The difference between the two matters because it tells you what they’re getting from the telling. Venting is for relief. Building a case is for validation—specifically the kind that requires agreement that the other person was wrong, and they were right. The difference shows up physically. With venting, the pressure eases as the conversation goes on. With case-building, it holds or increases. There’s a feeling of being slightly cornered, not by anything explicit, but by the accumulating evidence and the unstated expectation that a ruling is required.

The clearest view of someone is the one they give you by accident

People are careful about what they reveal directly. They manage their presentation, calibrate what they share, and decide what version of themselves to bring to different relationships. All of that is visible and intentional and therefore not especially revealing.

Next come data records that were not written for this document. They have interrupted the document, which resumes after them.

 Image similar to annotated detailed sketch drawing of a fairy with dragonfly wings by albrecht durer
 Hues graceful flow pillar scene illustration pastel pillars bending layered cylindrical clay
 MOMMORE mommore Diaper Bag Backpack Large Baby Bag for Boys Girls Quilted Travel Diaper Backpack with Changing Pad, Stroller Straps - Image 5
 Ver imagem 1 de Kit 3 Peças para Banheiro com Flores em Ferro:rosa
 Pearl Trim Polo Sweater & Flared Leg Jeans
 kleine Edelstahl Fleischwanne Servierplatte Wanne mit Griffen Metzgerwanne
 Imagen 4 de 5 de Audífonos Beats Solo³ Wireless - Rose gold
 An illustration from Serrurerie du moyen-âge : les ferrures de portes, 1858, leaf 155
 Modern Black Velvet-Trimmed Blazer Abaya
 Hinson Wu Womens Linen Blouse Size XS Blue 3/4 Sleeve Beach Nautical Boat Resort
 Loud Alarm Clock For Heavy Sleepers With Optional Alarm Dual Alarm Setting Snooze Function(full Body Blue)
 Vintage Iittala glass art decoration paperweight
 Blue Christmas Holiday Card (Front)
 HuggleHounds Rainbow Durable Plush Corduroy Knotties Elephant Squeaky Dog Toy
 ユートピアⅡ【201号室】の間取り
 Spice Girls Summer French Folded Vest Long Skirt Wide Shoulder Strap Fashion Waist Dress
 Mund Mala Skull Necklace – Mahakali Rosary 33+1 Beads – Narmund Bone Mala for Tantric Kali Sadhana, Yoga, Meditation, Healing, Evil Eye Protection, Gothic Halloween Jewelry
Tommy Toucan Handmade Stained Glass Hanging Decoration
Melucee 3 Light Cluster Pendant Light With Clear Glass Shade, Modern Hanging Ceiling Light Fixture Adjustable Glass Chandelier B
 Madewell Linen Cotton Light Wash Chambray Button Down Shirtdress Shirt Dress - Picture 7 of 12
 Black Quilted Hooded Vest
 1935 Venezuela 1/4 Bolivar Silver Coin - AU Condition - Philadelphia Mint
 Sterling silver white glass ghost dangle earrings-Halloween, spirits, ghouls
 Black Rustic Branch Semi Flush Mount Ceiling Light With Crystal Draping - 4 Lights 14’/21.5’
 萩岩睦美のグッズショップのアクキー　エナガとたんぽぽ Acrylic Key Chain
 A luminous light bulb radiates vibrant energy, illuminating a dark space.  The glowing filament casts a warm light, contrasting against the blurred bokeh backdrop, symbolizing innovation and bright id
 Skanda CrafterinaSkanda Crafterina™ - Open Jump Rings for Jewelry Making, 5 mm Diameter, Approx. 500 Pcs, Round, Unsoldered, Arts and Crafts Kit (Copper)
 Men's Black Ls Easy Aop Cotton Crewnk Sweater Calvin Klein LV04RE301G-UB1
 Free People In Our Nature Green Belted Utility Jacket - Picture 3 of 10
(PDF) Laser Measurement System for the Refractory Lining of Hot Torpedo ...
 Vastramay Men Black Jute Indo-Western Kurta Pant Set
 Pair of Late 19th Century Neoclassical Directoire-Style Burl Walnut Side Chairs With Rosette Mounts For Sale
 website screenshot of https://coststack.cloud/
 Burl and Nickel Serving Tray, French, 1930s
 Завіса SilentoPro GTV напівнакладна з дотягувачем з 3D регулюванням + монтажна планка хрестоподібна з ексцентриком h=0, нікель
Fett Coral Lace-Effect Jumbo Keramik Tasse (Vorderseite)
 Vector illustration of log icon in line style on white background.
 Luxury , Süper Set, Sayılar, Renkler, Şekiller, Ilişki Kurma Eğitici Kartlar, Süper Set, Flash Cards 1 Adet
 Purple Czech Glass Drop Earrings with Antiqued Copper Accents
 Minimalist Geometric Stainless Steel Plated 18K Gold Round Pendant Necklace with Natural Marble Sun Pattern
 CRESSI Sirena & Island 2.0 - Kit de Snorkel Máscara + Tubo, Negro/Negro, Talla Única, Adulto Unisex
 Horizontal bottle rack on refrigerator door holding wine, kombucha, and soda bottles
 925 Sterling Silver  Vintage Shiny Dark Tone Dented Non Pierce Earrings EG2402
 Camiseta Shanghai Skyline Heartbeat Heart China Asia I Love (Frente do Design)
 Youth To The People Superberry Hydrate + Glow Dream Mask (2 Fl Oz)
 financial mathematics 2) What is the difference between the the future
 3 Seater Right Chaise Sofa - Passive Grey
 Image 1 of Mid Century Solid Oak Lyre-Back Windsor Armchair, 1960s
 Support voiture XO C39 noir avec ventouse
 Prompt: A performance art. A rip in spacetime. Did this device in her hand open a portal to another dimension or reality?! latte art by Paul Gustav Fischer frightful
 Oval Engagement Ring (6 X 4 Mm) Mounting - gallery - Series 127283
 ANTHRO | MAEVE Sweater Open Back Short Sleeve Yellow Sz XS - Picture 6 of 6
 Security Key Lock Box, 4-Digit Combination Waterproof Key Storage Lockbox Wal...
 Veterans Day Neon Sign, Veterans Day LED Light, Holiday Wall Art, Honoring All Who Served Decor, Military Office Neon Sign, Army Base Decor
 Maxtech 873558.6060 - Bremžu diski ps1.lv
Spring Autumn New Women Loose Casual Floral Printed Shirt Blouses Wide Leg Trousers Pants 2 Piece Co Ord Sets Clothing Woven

What’s less managed is the commentary. The way they talk about people who can’t hear it, who can’t correct the record, who aren’t there to offer another version. In those moments, what comes out has less editing on it. The patterns that run the relationship show up more plainly.

This isn’t about catching people at their worst. Most of what people say about absent others isn’t cruel or false—it’s just the unfiltered version of how they see the world. The generosity or its absence. The ability to hold other people as complicated, or the need to flatten them into roles. The comfort with uncertainty, or the need to always have the definitive read. All of it shows up in those conversations, without announcement, without performance. It’s the version of them that exists when they’re not thinking about being watched.